Since Kreed released[15] the source code under the GNU General Public License, it is freely available to anyone wishing to utilize it in a project released under that license. Developers wishing to use it in a non-GPL project would be required to rewrite the algorithm without using any of Kreed's existing code.
Super 2×SaI and Super Eagle
Several slightly different versions of the scaling algorithm are available, and these are often referred to as Super 2×SaI and Super Eagle. Super Eagle, which is also written by Kreed, is similar to the 2×SaI engine, but does more blending. Super 2×SaI, which is also written by Kreed, is a filter that smooths the graphics, but it blends more than the Super Eagle engine.
hqnx family
Maxim Stepin's hq2x, hq3x, and hq4x are for scale factors of 2:1, 3:1, and 4:1 respectively. Each works by comparing the color value of each pixel to those of its eight immediate neighbours, marking the neighbours as close or distant, and using a pregenerated lookup table to find the proper proportion of input pixels' values for each of the 4, 9 or 16 corresponding output pixels. The hq3x family will perfectly smooth any diagonal line whose slope is ±0.5, ±1, or ±2 and which is not anti-aliased in the input; one with any other slope will alternate between two slopes in the output. It will also smooth very tight curves. Unlike 2xSaI, it anti-aliases the output.[16] Shader long thought to be hqx was in fact another shader of lower quality called HqFilter/ScaleHQ.[17] True hqx[18] has comparable quality to early versions of xBR.
hqnx was initially created for the Super Nintendo emulator ZSNES. The author of bsnes has released a space-efficient implementation of hq2x (ScaleHQ) to the public domain.[19]
xBR family
There are 6 filters in this family: xBR , xBRZ, xBR-Hybrid, Super xBR, xBR+3D and Super xBR+3D.
xBR,[20] created by Hyllian, works much the same way as HQx (based on pattern recognition), and would generate the same result as HQx when given the above pattern. However, it goes further than HQx by using a 2-stage set of interpolation rules, which better handle more complex patterns such as anti-aliased lines and curves. Scaled background textures keep the sharp characteristics of the original image, rather than becoming blurred like HQx(In reality ScaleHQ) tends to do. Newest xBR versions are multi-pass and can preserve small details better. There is also a version of xBR combined with Reverse-AA shader called xBR-Hybrid.[21] xBR+3D is a version with a 3D mask that only filters 2D elements.

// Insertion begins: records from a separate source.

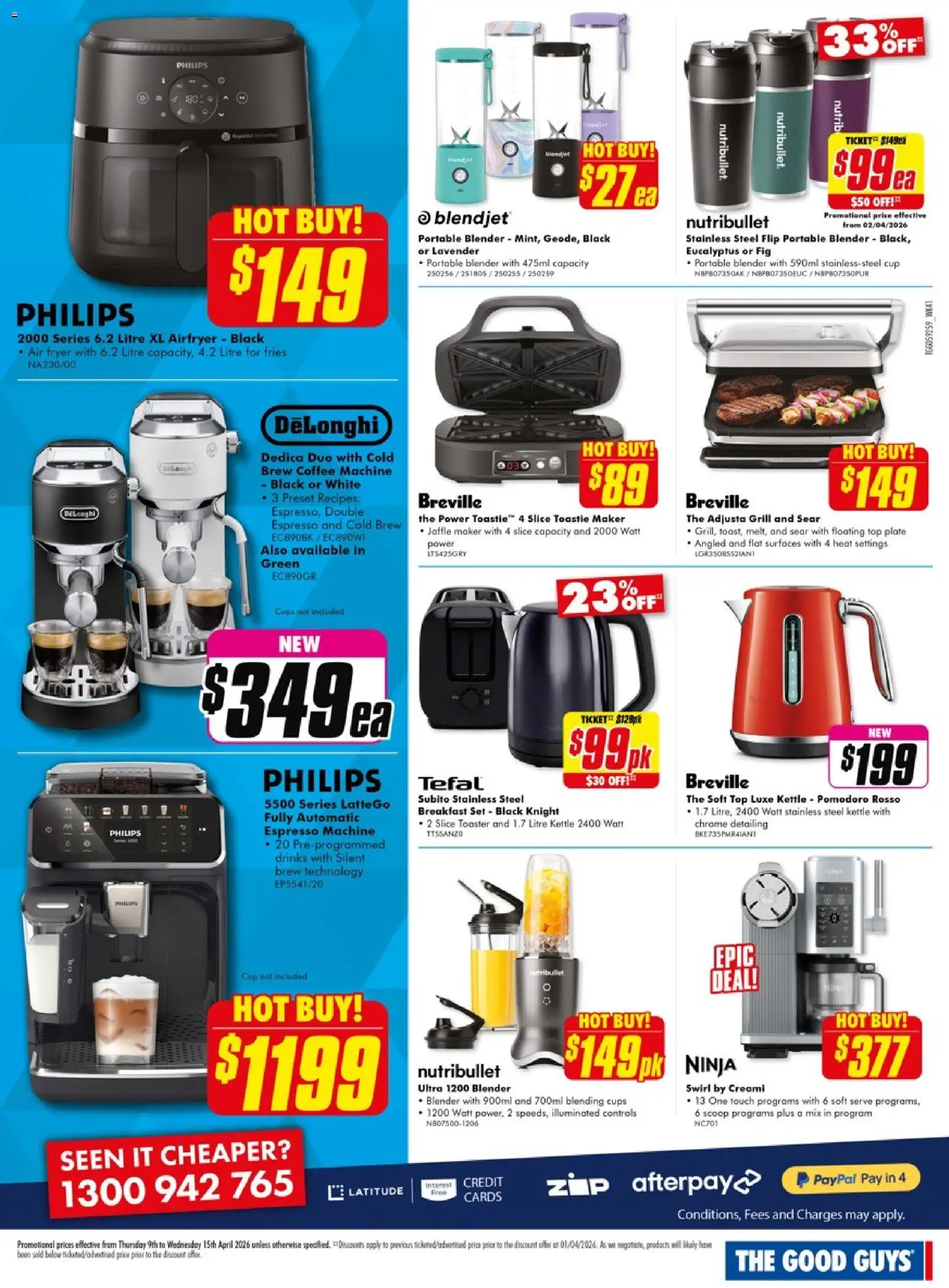 The Good Guys catalogue - valid from 08.04.2026 | Page: 9 | Products: Coffee, Portable, Grill, Kettle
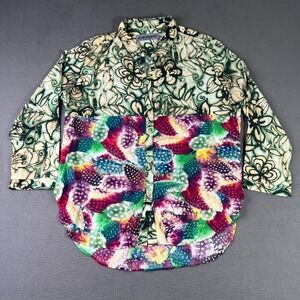 Jams World Shirt Blouse Womens‎ XL Multicolor Jasmine Shasta Tropical Hawaiian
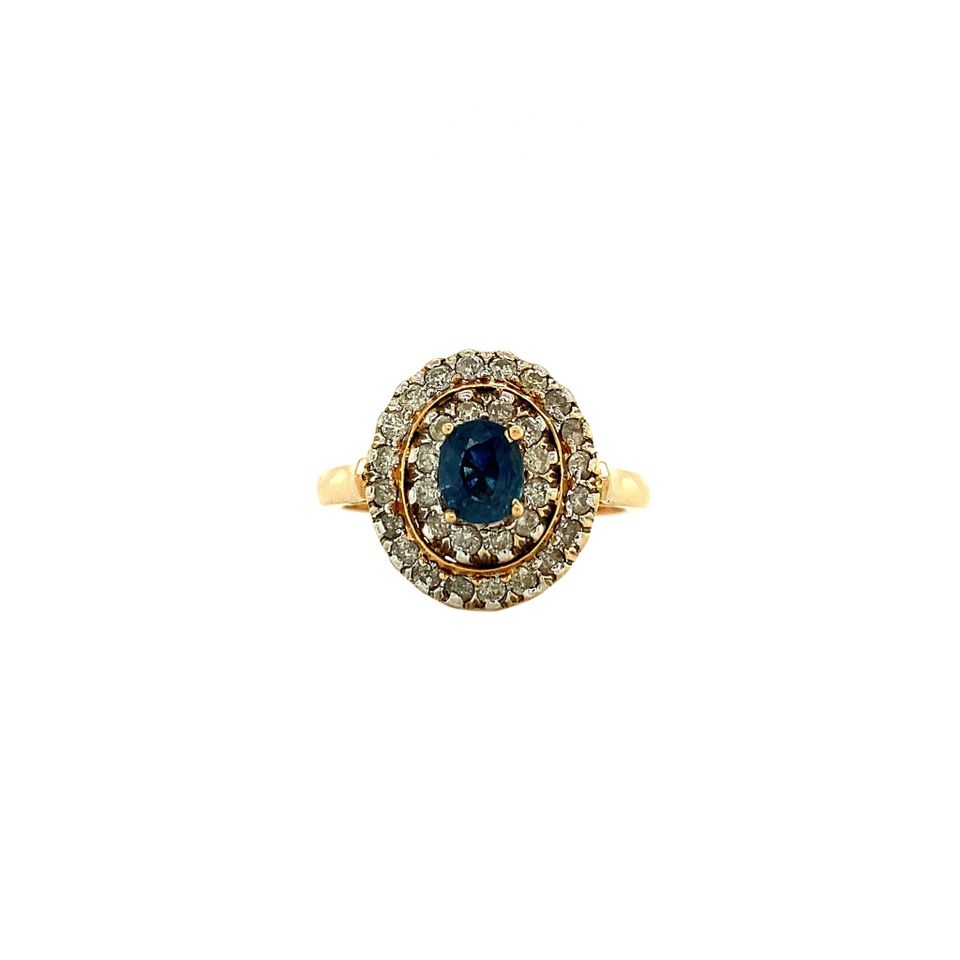Vintage 18K Gold Ring with Sapphire and Diamond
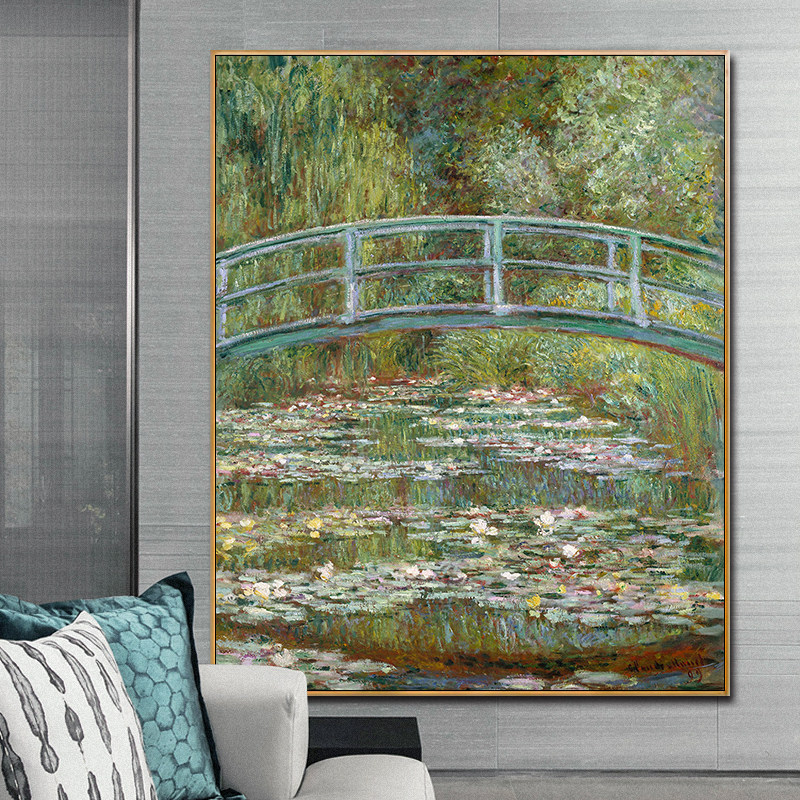 莫奈名画睡莲桥风景 数字油画手绘减压填色客厅卧室装饰油彩画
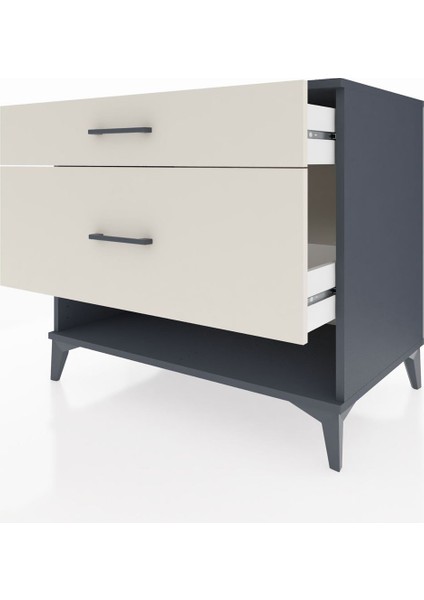 Kronos Şifonyer 2 Çekmeceli 88X59X80 Antrasit-Aytaşı fırsatları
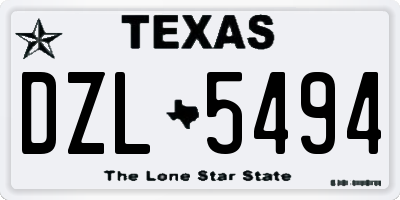 TX license plate DZL5494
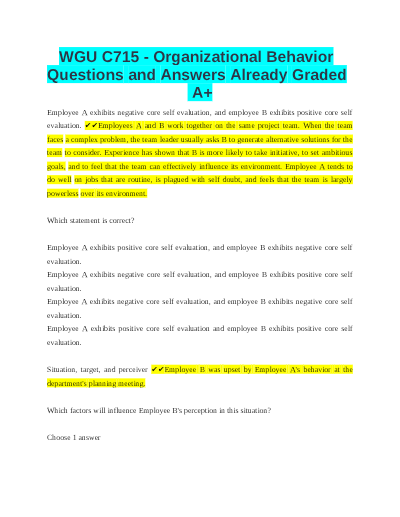 WGU C715 ORGANIZATIONAL BEHAVIOR OBJECTIVE ASSESSMENT ACTUAL EXAM 2025/2026 COMPLETE QUESTIONS WITH VERIFIED CORRECT ANSWERS || 100% GUARANTEED PASS NEWEST VERSION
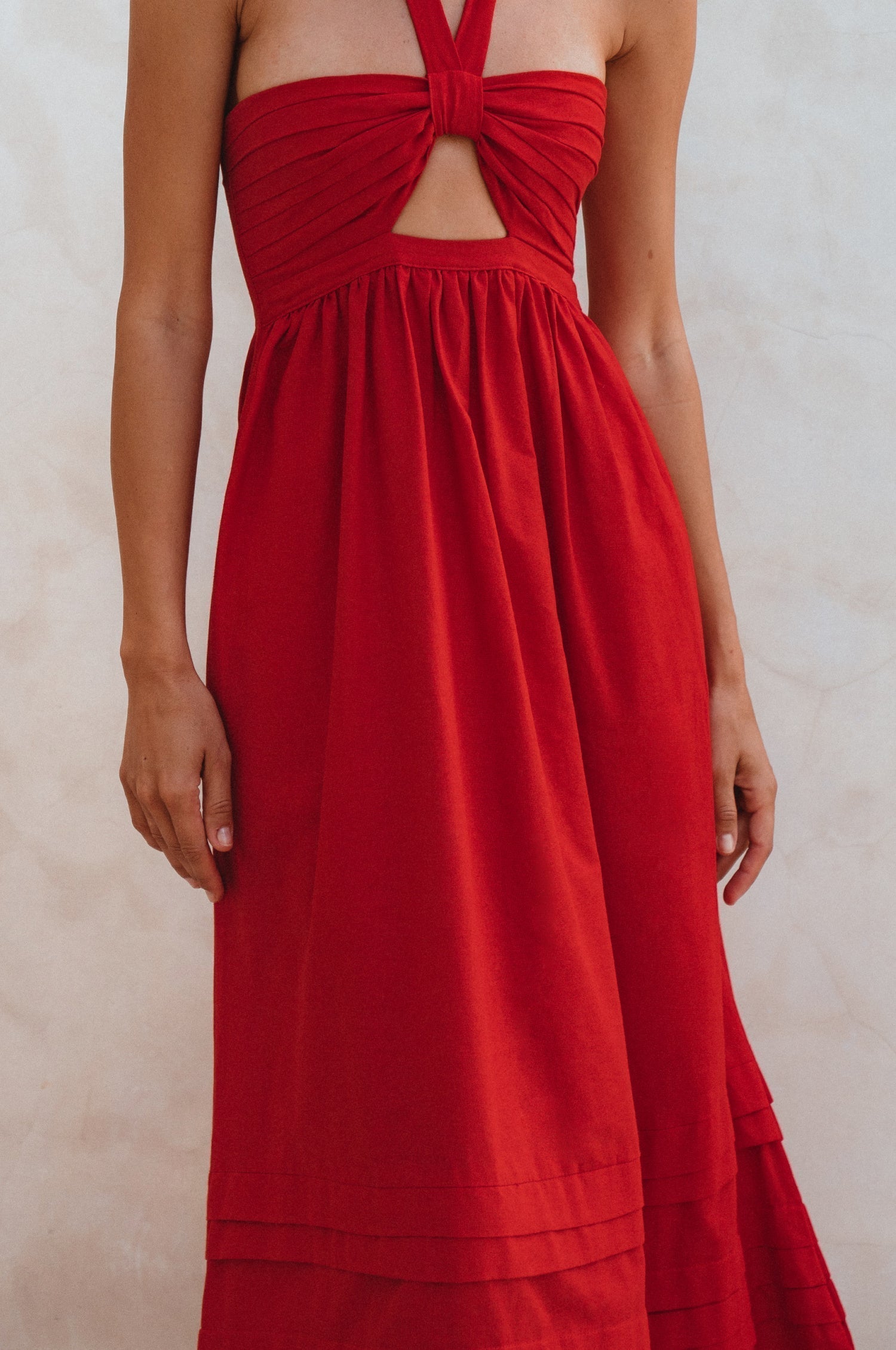 Penelope Halter Linen Maxi Dress by Bali ELF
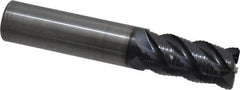 OSG - 5/8" Diam, Fine Pitch, 1-1/4" LOC, 4 Flute Solid Carbide 0.06" Corner Radius Roughing End Mill - TiAlN Finish, 3-1/2" OAL, 5/8" Shank Diam, Single End, Centercutting - Eagle Tool & Supply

xBRZ,[22] is a modified version of xBR, created by Zenju and implemented from scratch as a CPU-based filter in C++. It uses the same basic idea as xBR's pattern recognition and interpolation, but with a different rule set designed to preserve fine image details as small a few pixels. This makes it useful for scaling the details in faces, and in particular eyes. xBRZ is optimized for multi-core CPUs and 64-bit architectures and shows 40–60% better performance than HQx even when running on a single CPU core only. It supports scaling images with an alpha channel, and scaling by factors from 2x up to 6x.
Super xBR[23][24] is an algorithm developed by Hylian in 2015. It uses some combinations of known linear filters along with xBR edge detection rules in a non-linear way. It works in two passes and can only scale an image by two (or multiples of two by reapplying it and also has anti-ringing filter). Super xBR+3D is a version with a 3D mask that only filters 2D elements. There is also a Super xBR version rewritten in C/C++.[25]
RotSprite
RotSprite is a scaling and rotation algorithm for sprites developed by Xenowhirl. It produces far fewer artifacts than nearest-neighbor rotation algorithms, and like EPX, it does not introduce new colors into the image (unlike most interpolation systems).[26]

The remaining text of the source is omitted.